* _ASSIGNMENT_: Leave out the pictures and set down exactly the lines from the start of the listing through the one with "It's your man", both included.

* _EXTRACTED RECORDS_:
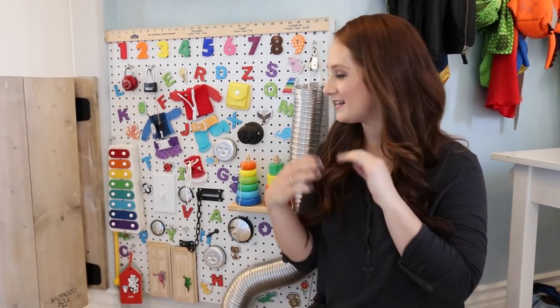Hey guys, so today I am going to show you how we made a sensory board in our playroom.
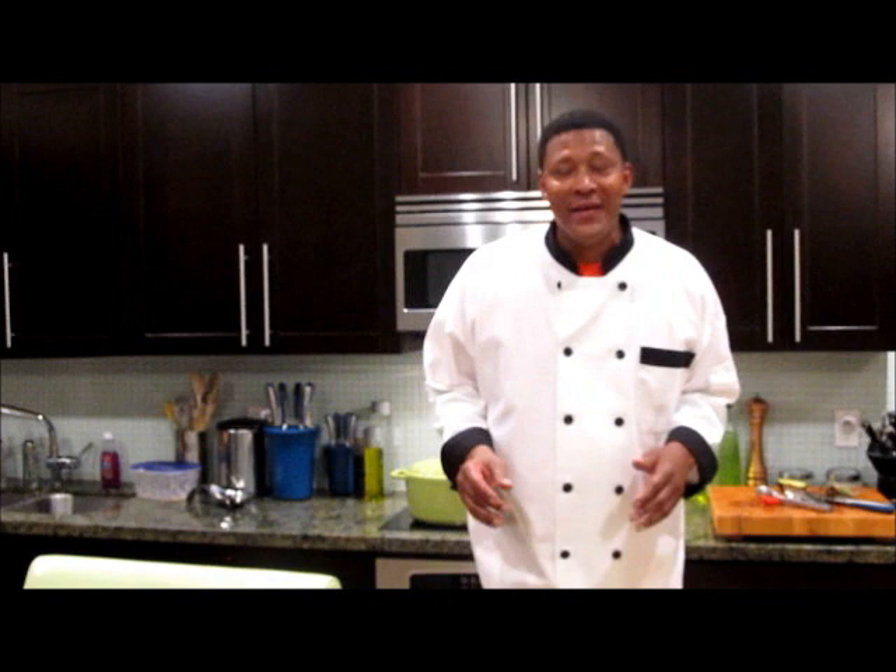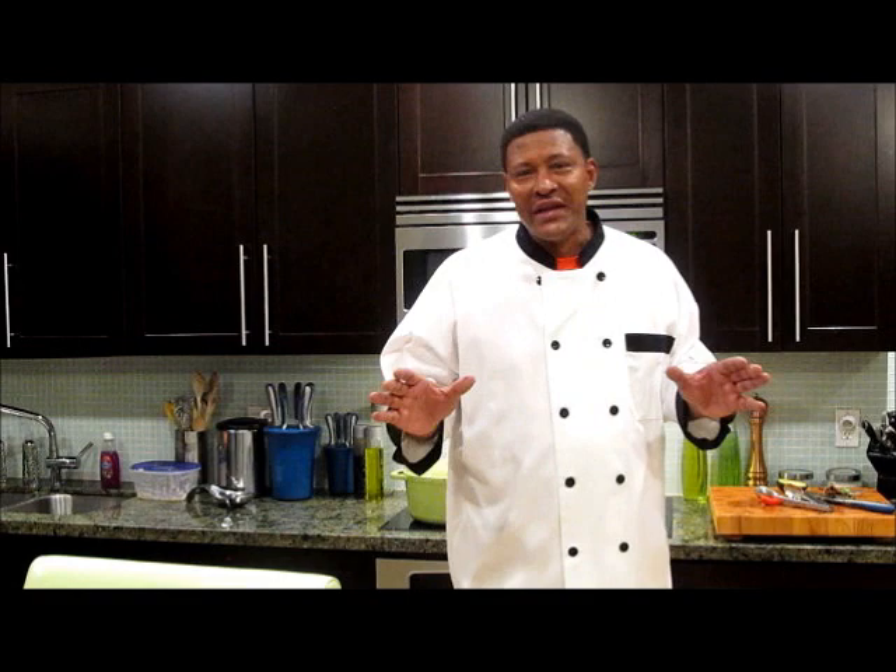It's your man Chef Emanuel. Didn't I tell you that my beef short ribs were going to fall off the bone? You could eat these things with a spoon. It doesn't take 8, 10, 12, or 14 hours to cook beef short ribs if you know what you're doing. This is real soul food cooking and that's why they call me the soul food chef.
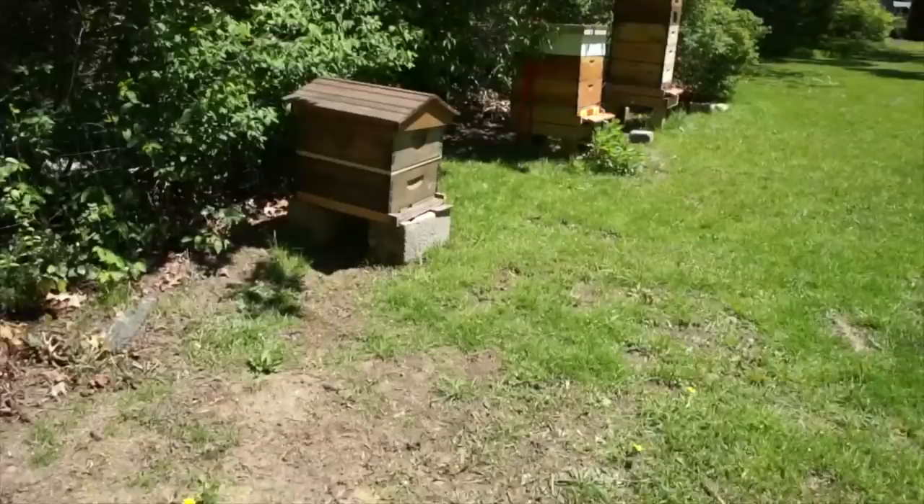It's a great way to convince the hive to accept her because you're allowing the queen to lay. Once she starts releasing pheromones and laying, the other bees are more likely to accept her, so the acceptance rate is much higher. The cage prevents them from killing her, and she's got some food. So, enough jibber-jabbering — let's go ahead and get into the hives.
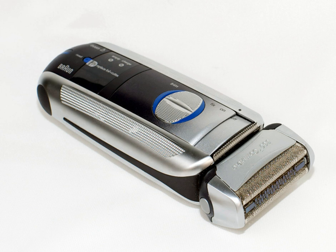Electric shavers fall into two main categories: foil or rotary style. Users tend to prefer one or the other. Most rotary style shavers are cordless. They are charged up with a plug charger or they are placed within a cleaning and charging unit.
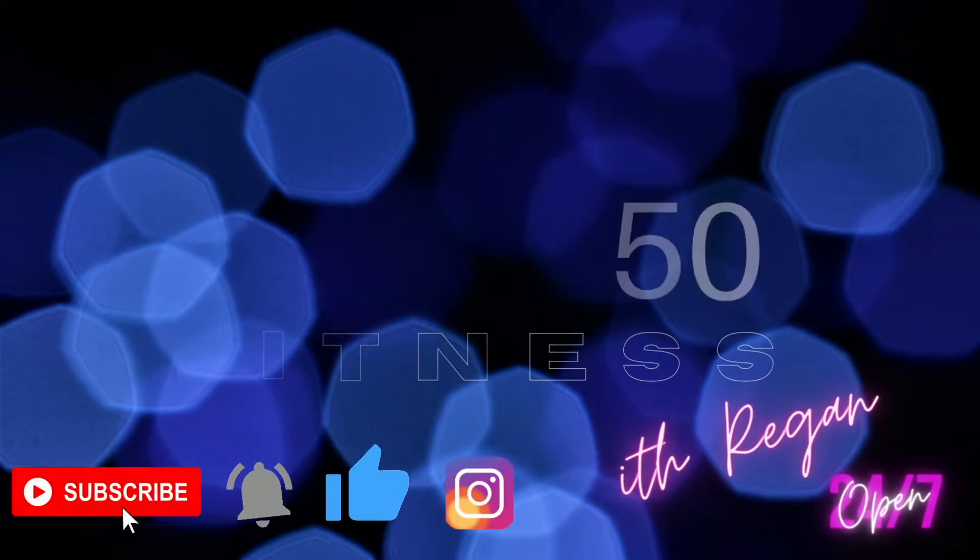Okay, here we go. Let's get right into it. I'm using twos like I usually use, but if there's ever a workout where you wanna go up in weight, this is the one. Maybe threes or fours, even fives. Try it out and see how you feel.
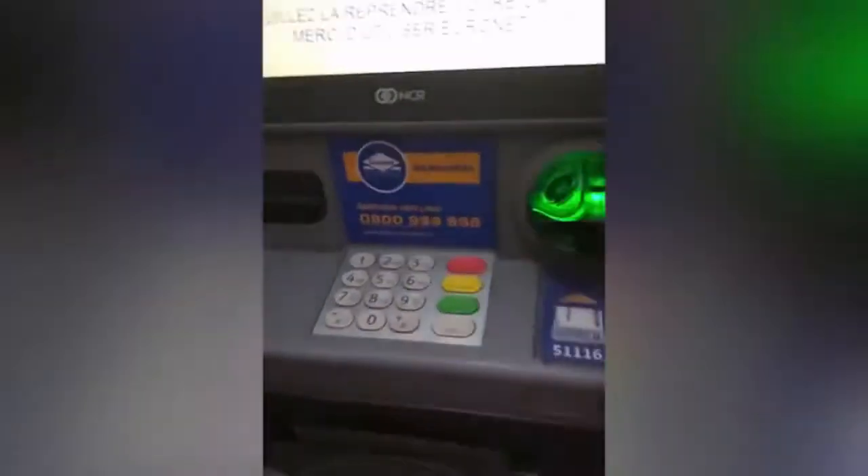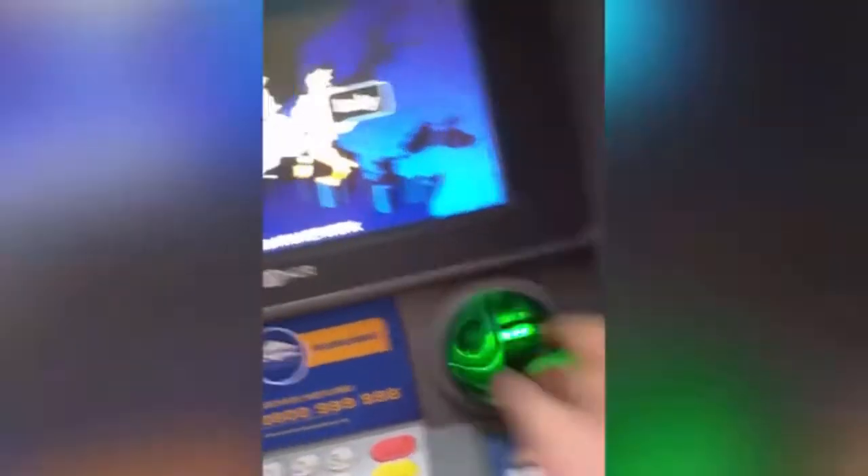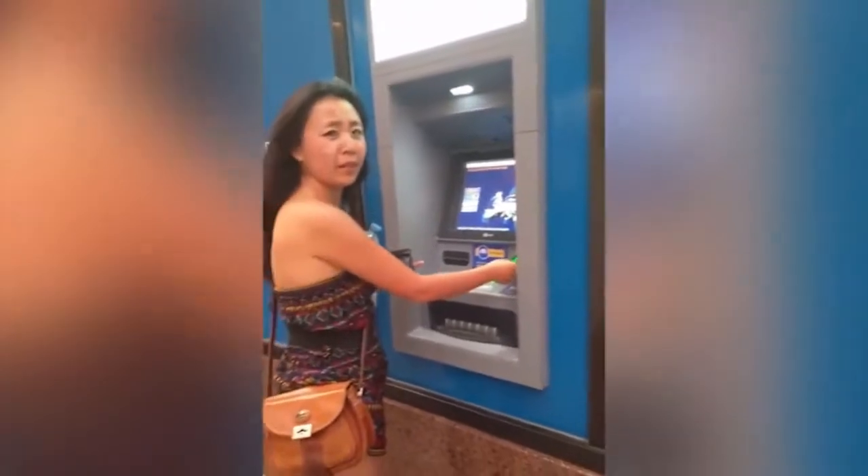Hold on — don't do that, don't use this machine. This is actually a skimmer that steals credit card information. The other one is safe because you can't take it off. This right here would steal someone's credit card — so you're welcome.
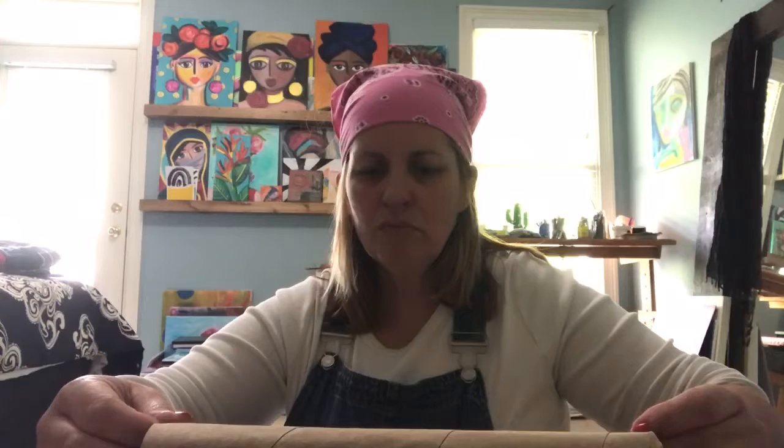Hey guys, happy Monday! It's probably not going to be Monday when you watch this, though it might be next Monday — you never know. I don't even know what week it is, like the third or fourth week that we've been quarantined, maybe the sixth week. Anyway, I miss you guys as always. I can't wait to see you again, which is going to be in like two hours because I'm getting on that Zoom call. So this week I'm going to do something a little bit different.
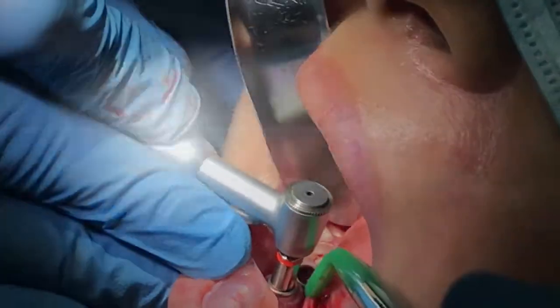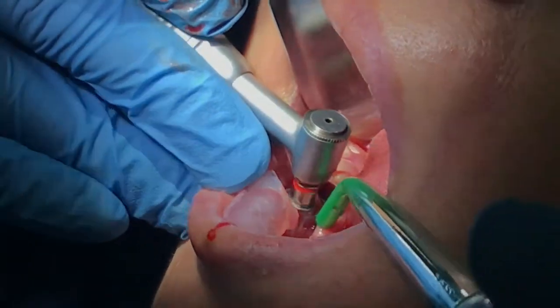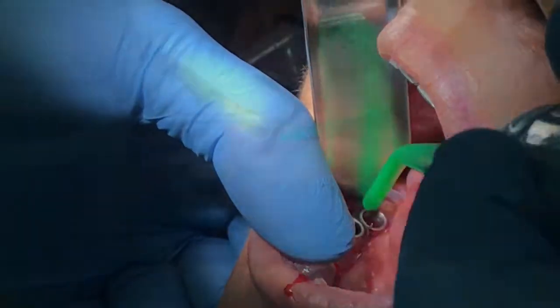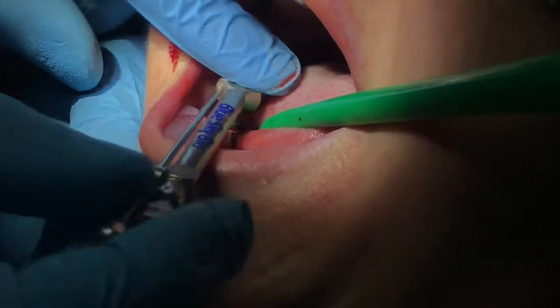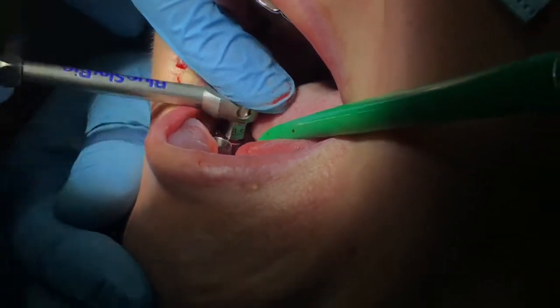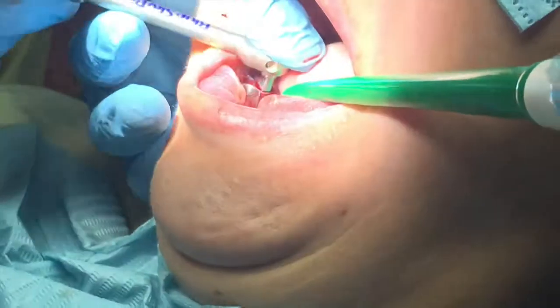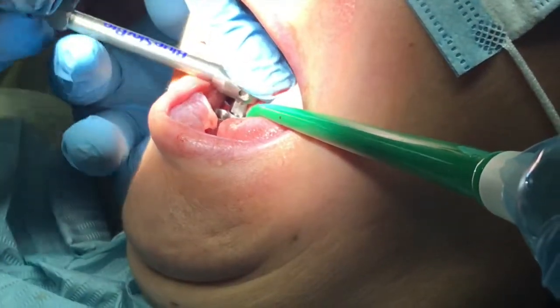We are jumping onto our final drill, the 3.2. Our goal is to place 4.3 diameter implants by 11.5. Once we achieve that, we under-prep by one size, and now manually we are ratcheting both of the implants — this can also be done via motor. Here we have 100% control. Everything is done through the guide.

* _EXERCISE SOLUTION_:
Hey guys, so today I am going to show you how we made a sensory board in our playroom.
It's your man Chef Emanuel. Didn't I tell you that my beef short ribs were going to fall off the bone? You could eat these things with a spoon. It doesn't take 8, 10, 12, or 14 hours to cook beef short ribs if you know what you're doing. This is real soul food cooking and that's why they call me the soul food chef.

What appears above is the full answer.